José Batlló, además de editor, antólogo y librero fue —lo decíamos al principio— un magnífico poeta que escribió y publicó desde un espacio lateral, semi escondido, de los novísimos pese a ser, por año de nacimiento, un coetáneo de los integrantes del movimiento. Podría haber estado, con Vázquez Montalbán y con Martínez Sarrión, en el «ala senior» de la antología de Castellet Nueve novísimos poetas españoles. Nace en 1939, como los dos poetas citados. La diferencia en su trayectoria como poeta es que cuando ellos publican su primer libro, él ya tenía tres libros publicados, el primero, Los sueños en el cajón, en 1961, con apenas 22 años. Una educación sentimental, de Vázquez Montalbán, aparece en 1967, y Teatro de operaciones, de Sarrión, en 1968. Batlló se les adelantó en el tiempo.

Su poesía es directa, a tramos conversacional, con destellos líricos y con referentes que van de Antonio Machado o Miguel Hernández o César Vallejo a los poetas norteamericanos de la Beat Generation. Publicó siete libros entre 1961 y 1971, año en que aparece La canción del solitario, una suerte de antología que recorre y resume una evolución que va de la sencillez machadiana que se advierte en un poemario como La señal, premio Guipúzcoa 1964, hasta el poema escrito en versículos y con un tono narrativo, muy próximo a la crónica, un homenaje a la cantautora Joan Baez, «Por suerte para nosotros»; o «Ainuk Aimée», una evocación de la joven que entregó un ramo de flores al general De Gaulle en la liberación de París.

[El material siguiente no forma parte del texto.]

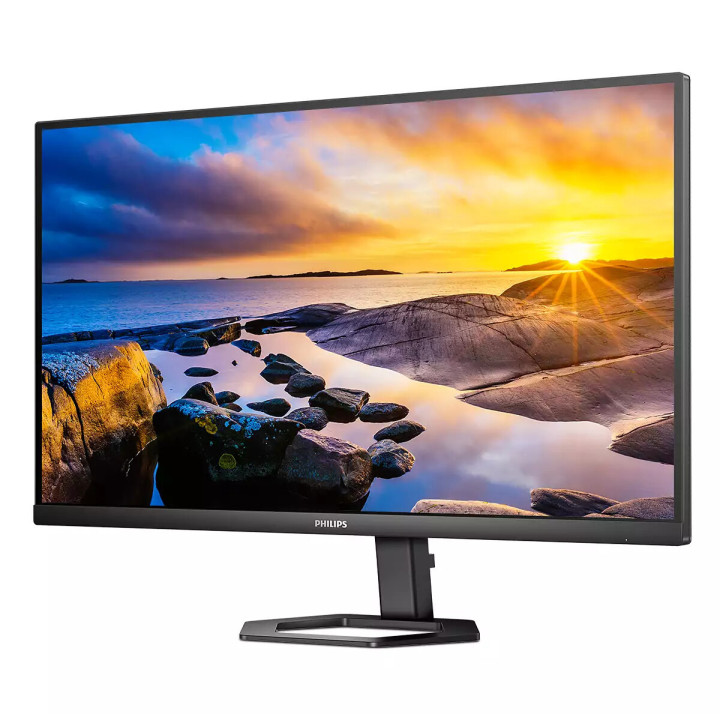 Philips 5000 series 27E1N5500LA/00 écran plat de PC 68,6 cm (27") 2560 x 1440 pixels Quad HD LCD Noir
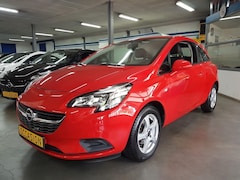 Opel Corsa-e - 1200i 16V 3 DEURS AIRCO BRANDWEER ROOD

Cubierta de Las raíces (El Bardo, 1967), antología de José Batlló

Batlló es un poeta para rescatar. Su escepticismo y, a veces, su distanciamiento irónico respecto a su obra lírica, su autocrítica excesiva (llegó a escribir que Canción del solitario había sido «el punto más bajo de la colección»), condicionaron la mirada ajena. Su poesía también se vio opacada por su ingente labor como antólogo y, desde luego, como editor. Pero es autor de una poesía inteligente y crítica en la que la emoción, la cotidianidad y la mirada hacia los otros la dotan de una calidad equiparable a la de no pocos poetas coetáneos, comenzando por los de la antología castelletiana. Por el tono y por su conexión con nuestra tradición poética, el poeta con el que podría ser equiparado de entre los novísimos, sería el Manuel Vázquez Montalbán de Una educación sentimental. Su obra está a la espera, sin duda, de una reedición con un más que necesario estudio de conjunto. Quede ahí mi sugerencia, casi mi demanda, en este tiempo de excesiva desmemoria y precoces olvidos.


[1] El Bardo (1965-19974). Memoria y Antología. José Batlló Salmon. Amelia Romero Editora. Barcelona, 1995.

[2] El consejo, con muy pocas variaciones, lo conformaron Vicente Aleixandre, Gabriel Celaya, Celso Emilio Ferreiro, Joaquín Marco, José Esteban, Ángel Pariente y Pedro Gimferrer, con José Batlló como director de la colección.